Your task » What you give back should be exactly the lines from the one with "Lug Sole Ankle" through the final line of the material, pictures removed; please add nothing.

Supplied information »
________________

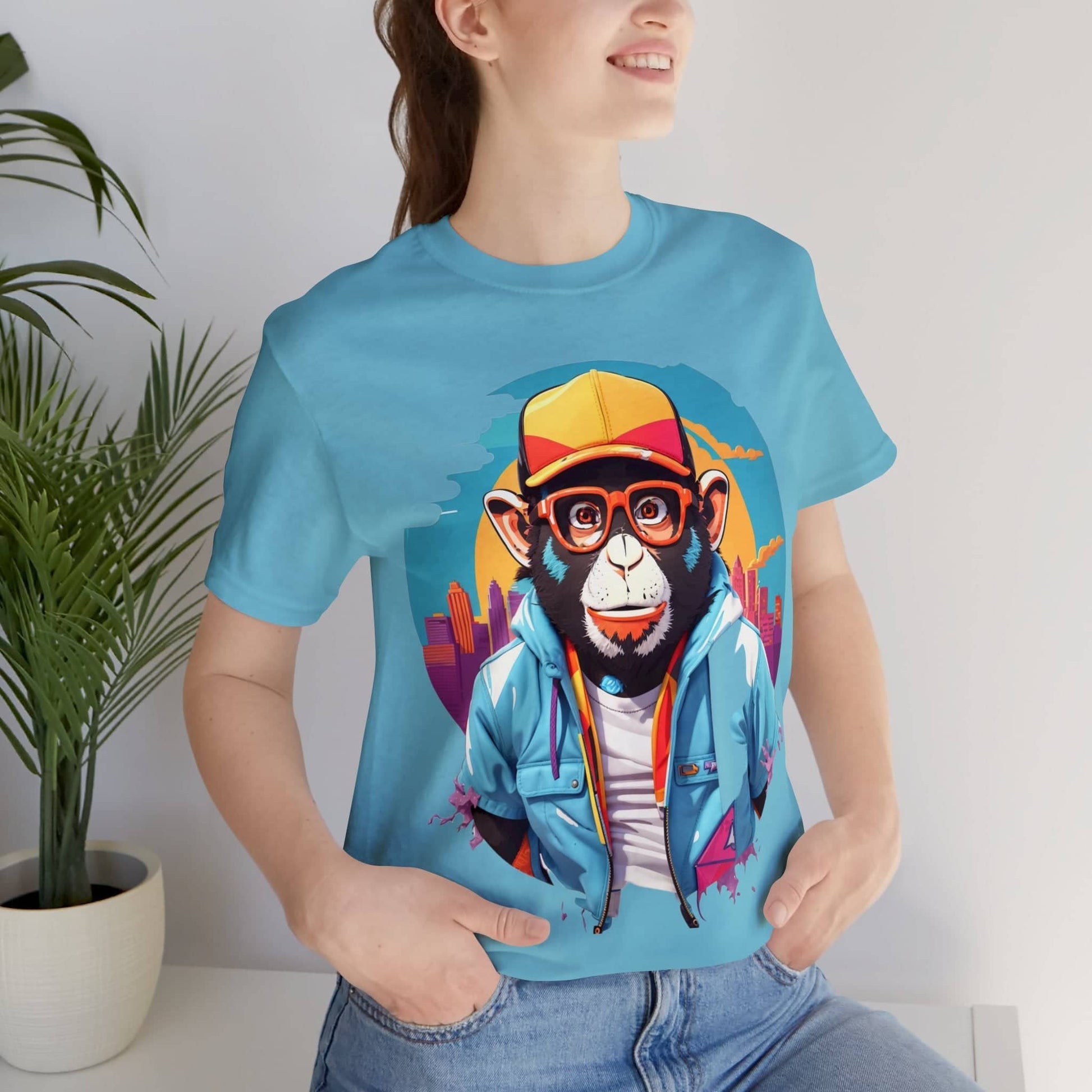 "Limited Edition Graffiti Gorilla: Urban Hip-Hop Graphic Tee for the Trendy Streetwear Connoisseur" T-Shirt Bigger Than Life Turquoise M 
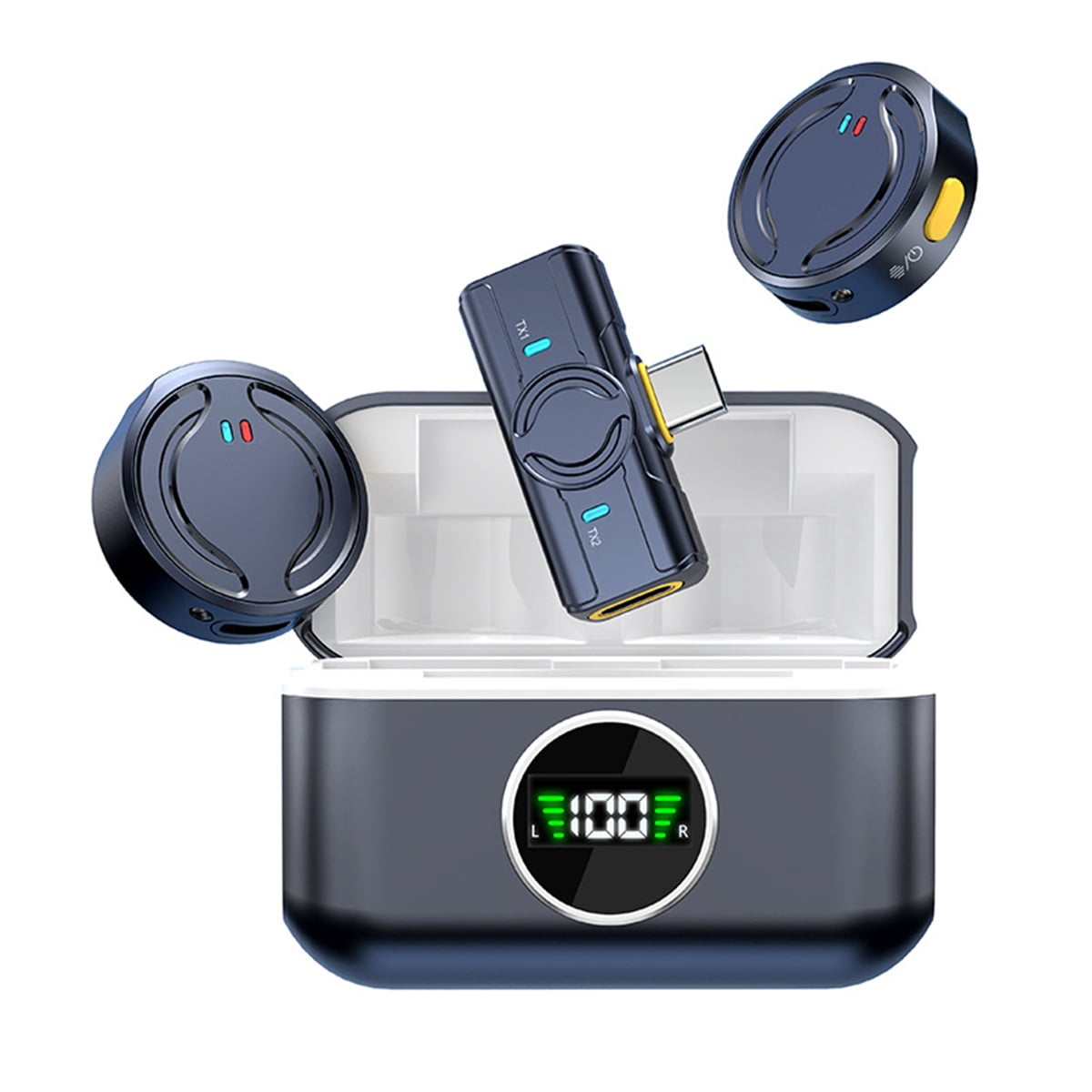 Wireless Lavalier Microphone for iPhone/Android, Lapel Mics with USB-C Plug-Play, Mini Mic with 2.4GHz Noise Cancellation, Charging Case Included, Range for Stream, Vlog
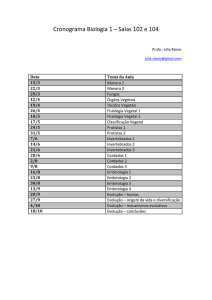 Cronograma Biologia 1 – Salas 102 e 104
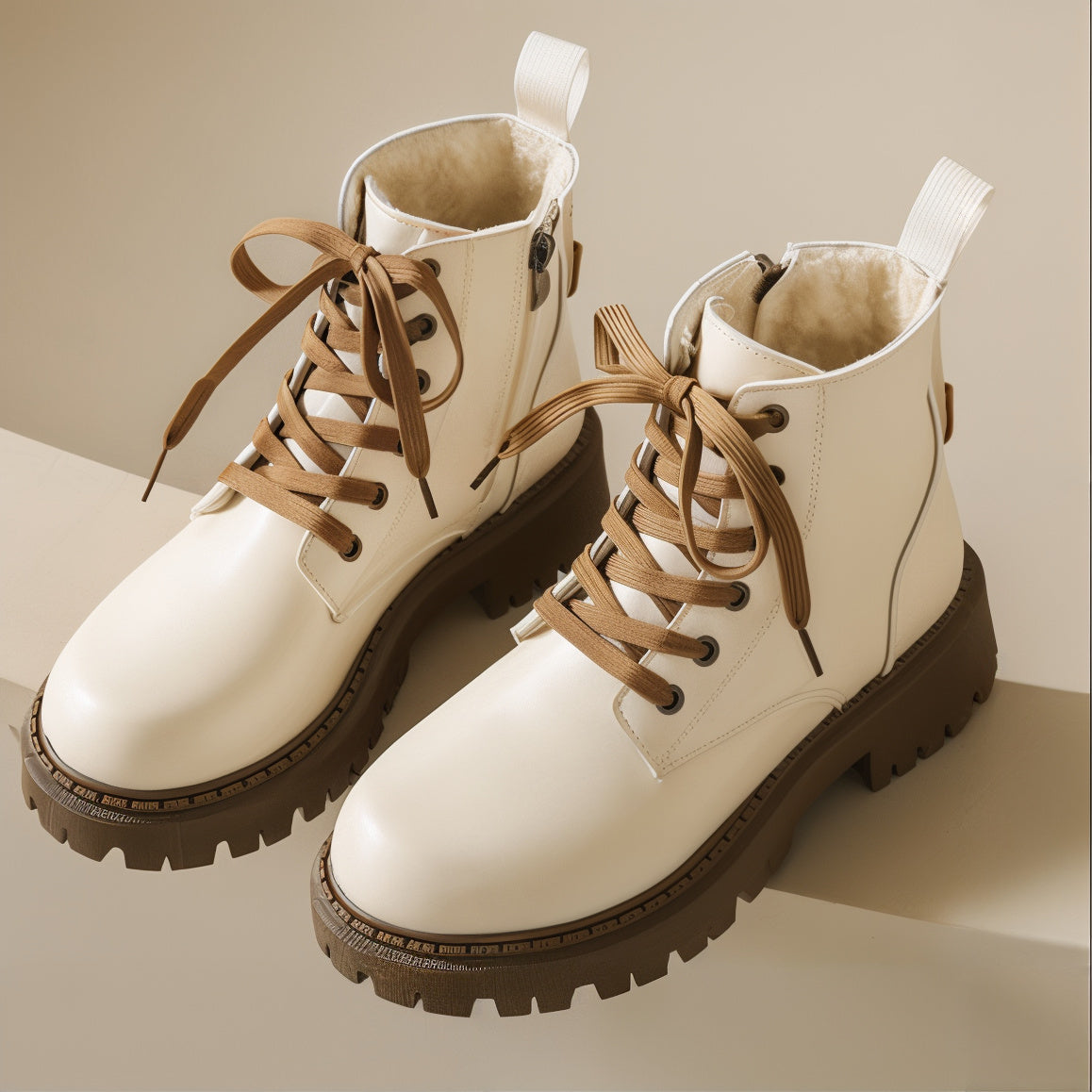 Lug Sole Ankle Boots for Women | Side Zip Lace Up Fall Booties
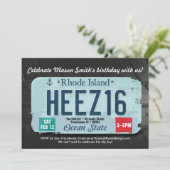 Jongens 16e verjaardag RI-licentie uitnodiging (Staand voorkant)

________________

Result of this exercise »
 Lug Sole Ankle Boots for Women | Side Zip Lace Up Fall Booties
 Jongens 16e verjaardag RI-licentie uitnodiging (Staand voorkant)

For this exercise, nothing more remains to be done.